Giolitti si tenne alla larga dalla Lista
nazionale e ne organizzò una, schiettamente liberale, presente in tre
circoscrizioni, come voleva la legge. Un'altra, simile, fu allestita dal suo ex
sottosegretario alla presidenza del Consiglio, Camillo Corradini. Concorrevano
a ottenere una sia pure minima parte dei seggi che le opposizioni si sarebbero
spartiti. Briciole condannate a fare da mosche cocchiere del futuro governo di
larghissima maggioranza dominato dal duce del fascismo. Nel discorso
pronunciato il 16 marzo 1924 a Dronero, cuore del suo antico collegio
uninominale, Giolitti spiegò l'azione politica svolta dal 1919 e delineò il
programma venturo. Come già aveva sentenziato all'indomani dell'insediamento di
Mussolini, la Camera aveva il governo che si meritava. Non aveva saputo darselo
in varie crisi e il Paese se lo era dato da sé. Sorto al di fuori dell'orbita
parlamentare era stato riportato dal Re nei binari della legalità
costituzionale. A fronte della legge elettorale, la cui formazione rivendicò
come presidente della Commissione dei Diciotto, il partito liberale doveva
concorrere ad assicurare pace europea, autorità dello Stato, tranquillità
interna, fondata sul consenso di tutte le classi sociali, specialmente delle
più numerose, e solidità dell'economia nazionale, perché «le competizioni più
gravi fra i popoli civili si combattono oggi nel campo economico e
finanziario». Perciò occorreva tagliare drasticamente le spese non necessarie e
restaurare il bilancio statale. “Nihil sub sole novi”... Chiuse con l'appello a
tener vivo almeno in Piemonte il partito di Cavour, Azeglio, Rattazzi, Lanza,
Sella «e di centinaia di altri grandi patrioti» che avevano fatto l’Italia. I
liberali dovevano salvare lo Stato da chi aveva reso impossibile la normale funzione
del Parlamento: i “rossi” e i “neri”, socialcomunisti e popolari, capitanati
del “prete intrigante”. Era il canto del cigno di un liberalismo nato europeo e
arricchito dagli esuli politici accorsi in Piemonte da tutta Italia.
Affrontata la lotta da solo, «forte dei suoi
ideali, delle sue tradizioni, del suo programma, mantenendo intera la sua
indipendenza», il 6 aprile il partito giolittiano ottenne 4 seggi su 535.
Pochini. Contrariamente al credito da lui tributatogli, il fascismo trionfante
non attuò affatto il principio “ne cives ad arma veniant”. La campagna
elettorale fu costellata di morti, feriti, brogli. Il 10 giugno il segretario
del PSU, Matteotti fu rapito. Morì vittima di omicidio verosimilmente non
premeditato: non crimine comune, comunque, ma delitto politico.
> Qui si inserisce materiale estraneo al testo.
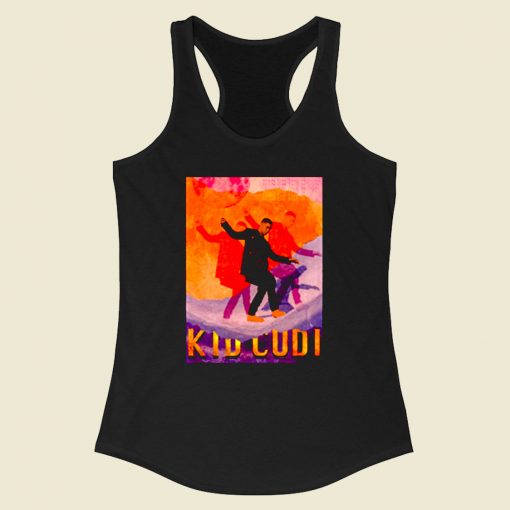 Kid Cudi Man On The Moon Racerback Tank Top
Anche dopo
quello scempio tanti liberali continuarono a votare a favore del governo.
Giolitti passò finalmente all'opposizione il 24 novembre 1924. Croce salì
sull'Aventino degli studi. Il 16 marzo 1928 Giolitti votò contro la legge
elettorale che affidò al Gran Consiglio la composizione della lista dei
candidati alla Camera, da approvare o respingere in blocco: ratifica del regime
di partito unico, che segnò il decisivo distacco dallo Statuto. Morì il 17 luglio
seguente sussurrando: «Non così presto…». Valeva anche per il tramonto
dell'Italia liberale, travolta dalle leggi fascistissime (bavaglio alla stampa,
scioglimento della massoneria, ripristino della pena di morte, divieto delle
opposizioni politiche e culturali...), che non furono solo un male in sé ma
costituirono le basi della successiva catastrofica alleanza con la Germania di
Hitler, delle leggi razziali e della negazione del Risorgimento liberale,
europeo e monarchico. Così venne imboccato il tunnel che, passo dopo passo,
condusse alla Repubblica sociale italiana, approdo ultimo del voto del 21
luglio 1923: davvero una “giornata particolare”, quest’ultima, germe del
fratricidio permanente. Data da segnare “nigro lapillo”.